Après 72 heures de silence opérationnel pour cause d’inventaire bisannuel, le Samu Social Gabonais a repris son service ce 28 février à 19h, marquant le retour de ses unités mobiles et de ses antennes de soins. Cette pause technique, devenue un rendez-vous institutionnel incontournable, a permis aux équipes du Dr Wenceslas Yaba de calibrer leurs stocks pour garantir la continuité d’un modèle unique sur le continent.
Dans un contexte social tendu, la structure réaffirme sa doctrine du « faire avec le peu », prônant une gestion agile des ressources pour maintenir une présence au chevet des plus démunis, tant à domicile que dans les centres de santé de proximité.Au-delà de la logistique, c’est un véritable plaidoyer pour la survie des populations précaires que porte l’organisation. Avec un arsenal médical complet — allant de la radiologie aux soins dentaires en passant par la fourniture gratuite de lunettes — le Samu Social entend demeurer le dernier rempart contre l’exclusion thérapeutique. Si la distribution systématique de médicaments subit parfois les aléas des approvisionnements, l’objectif affiché reste de rendre les ordonnances « inexistantes » pour le patient.

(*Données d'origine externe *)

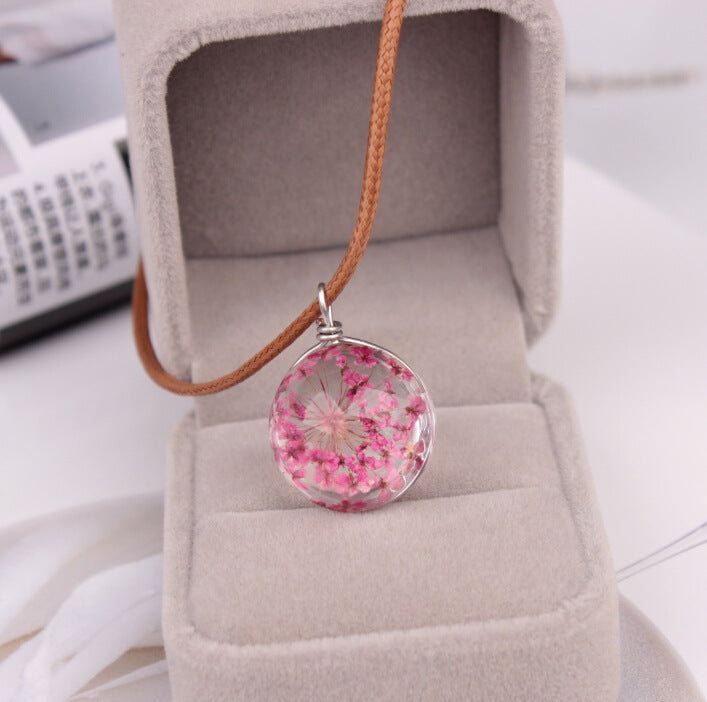 Fashion transparent ball four-leaf clover pendant gemstone dandelion dried flower necklace jewelry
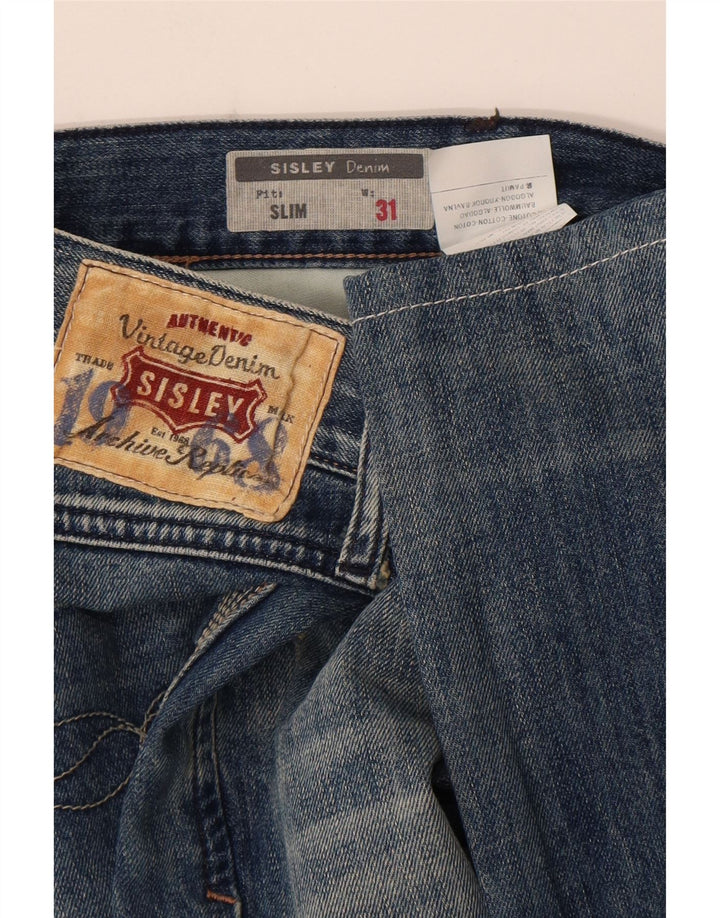 Sisley Mens Distressed Slim Jeans W31 L33 Blue Cotton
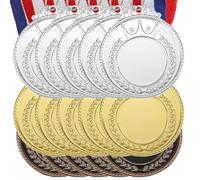 PATIKIL Blank Award Medals, 15 Pack Gold Silver Bronze Award Medals with Neck Ribbon, Make Your Medals Kit, Winner Medals Prize for Games Competitions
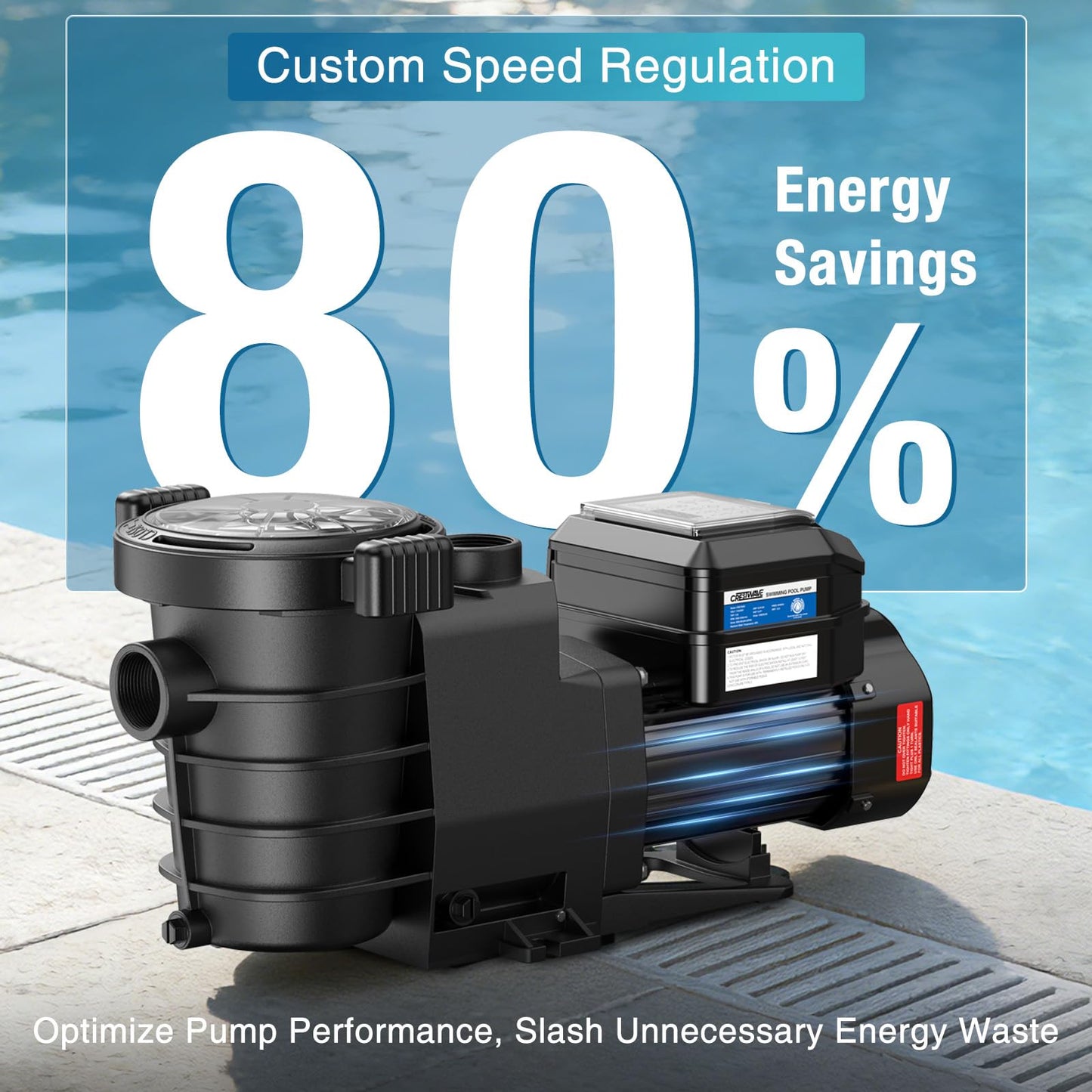 CrestWave Smart Variable Speed Pool Pump 1.5HP, Smart Life APP Control, 38 dB-Quiet, Energy Saving, AC 110V/230V, Built-in Timer, 5070 GPH High Flow, 1.5" & 2" Adapter Pool Pump for In/above Pool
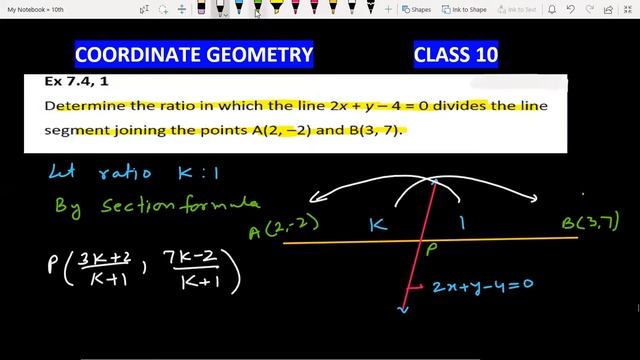 Determine The Ratio In Which The Line 2x+y-4=0 Divides The Line Segment Joining The Points A(2,-2)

Pour les responsables de la structure, la santé ne saurait être une marchandise, surtout dans un pays où la précarité frappe encore une frange importante de la population.Les chiffres avancés sont d’ailleurs sans appel : citant la Banque Mondiale, le Samu Social rappelle que près de 34,5% des Gabonais vivent sous le seuil de pauvreté. Dans cette configuration démographique, la gratuité totale n’est plus une option politique mais une nécessité vitale. En se positionnant comme le poumon sanitaire de plus de 800 000 citoyens, l’organisation souligne l’urgence de pérenniser ces filets de sécurité sociale. Pour Libreville, le défi reste de taille : transformer ces initiatives d’urgence en un système de santé structurellement accessible, capable de garantir le droit à la vie sans conditions de revenus.